Everything from the line with "BURBERRY Nova Check" down to the line with "Schnauzer dog key" below must be printed exactly, those two lines included. Exclude pictures.

[Records for this task]:
-----

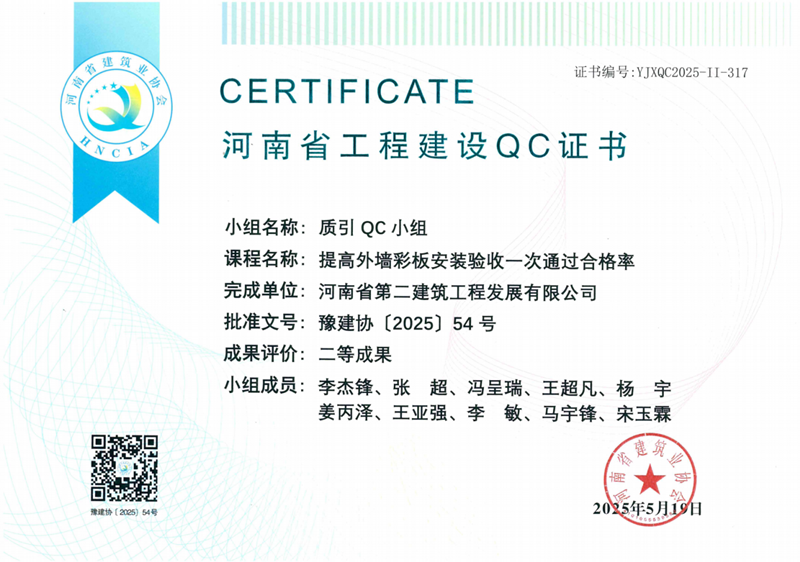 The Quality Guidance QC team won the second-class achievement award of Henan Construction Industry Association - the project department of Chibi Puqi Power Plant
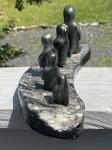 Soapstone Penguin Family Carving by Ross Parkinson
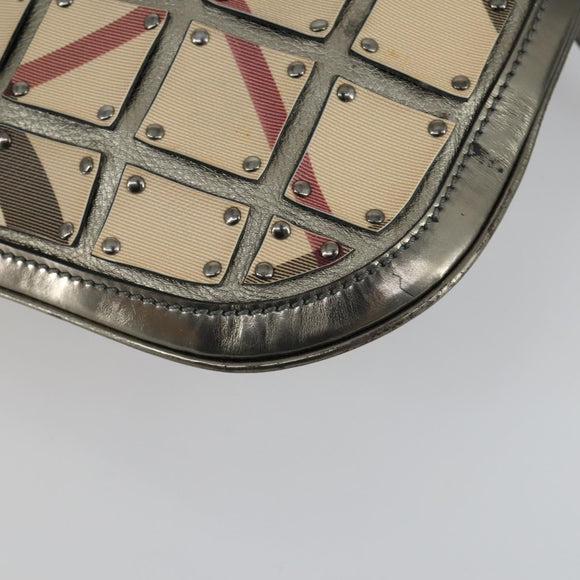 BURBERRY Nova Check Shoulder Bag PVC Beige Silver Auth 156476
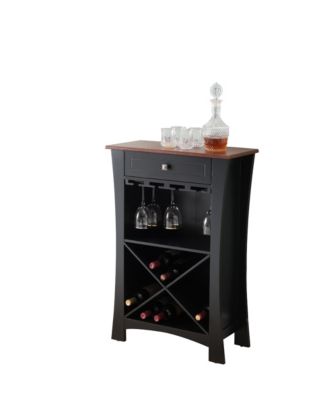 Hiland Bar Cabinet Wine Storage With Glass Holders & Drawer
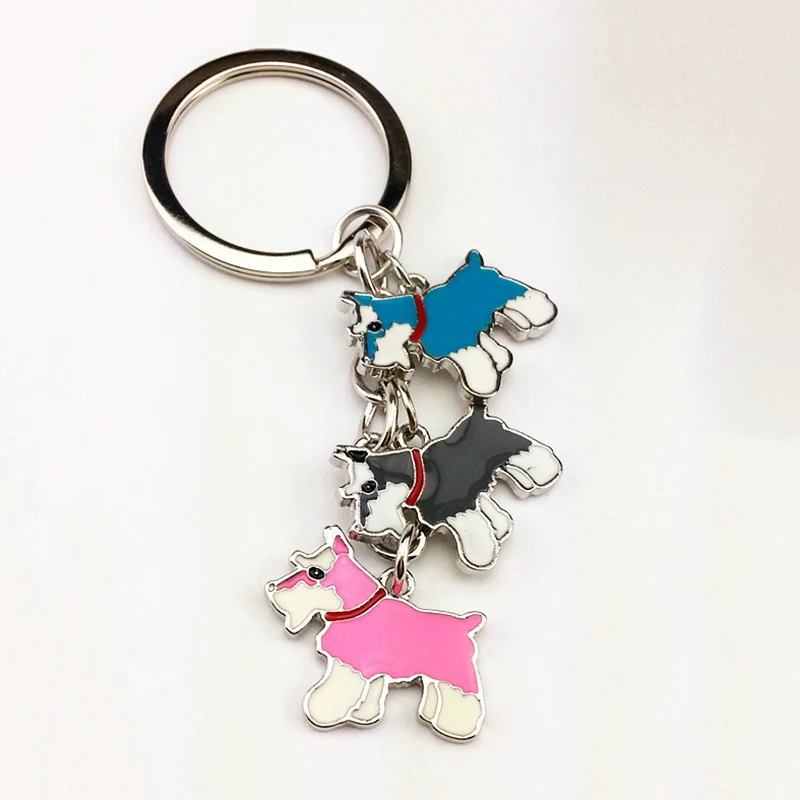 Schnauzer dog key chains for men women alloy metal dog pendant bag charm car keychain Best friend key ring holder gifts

-----

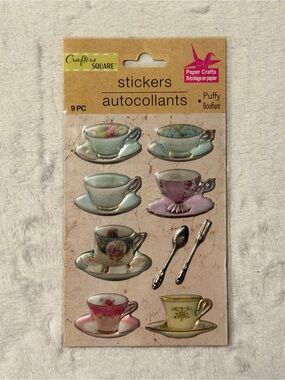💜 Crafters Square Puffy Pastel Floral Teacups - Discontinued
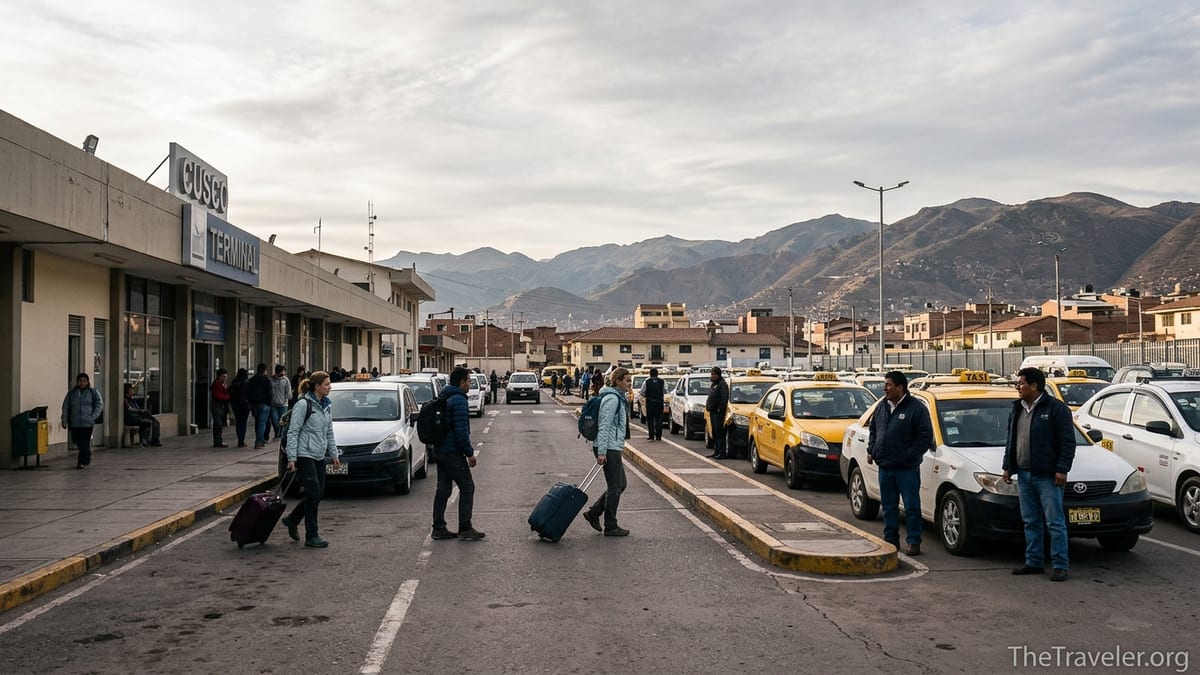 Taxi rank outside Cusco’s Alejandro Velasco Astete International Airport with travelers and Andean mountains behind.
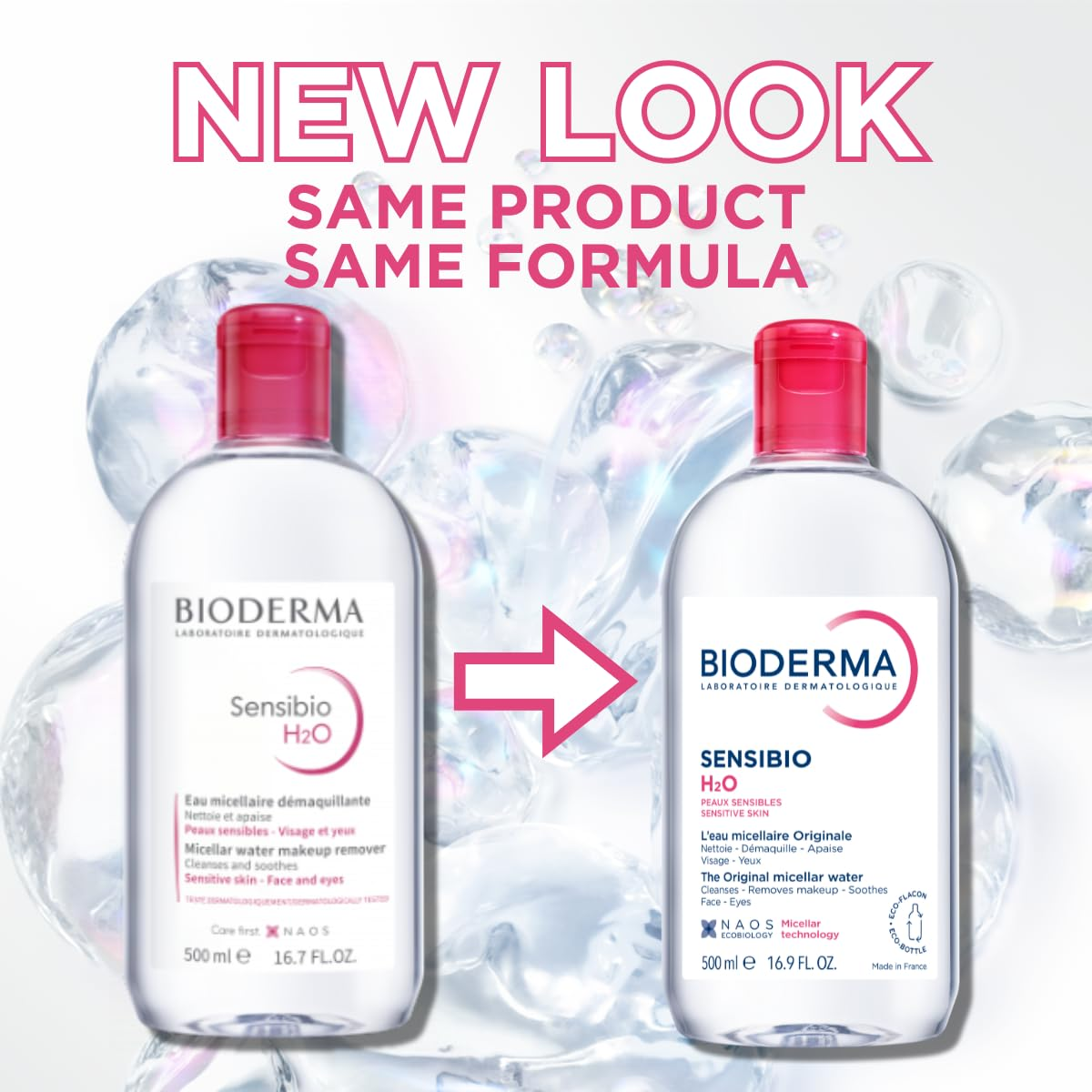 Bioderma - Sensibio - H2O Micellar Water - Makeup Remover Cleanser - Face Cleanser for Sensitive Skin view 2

-----

[Task output]:
 BURBERRY Nova Check Shoulder Bag PVC Beige Silver Auth 156476
 Hiland Bar Cabinet Wine Storage With Glass Holders & Drawer
 Schnauzer dog key chains for men women alloy metal dog pendant bag charm car keychain Best friend key ring holder gifts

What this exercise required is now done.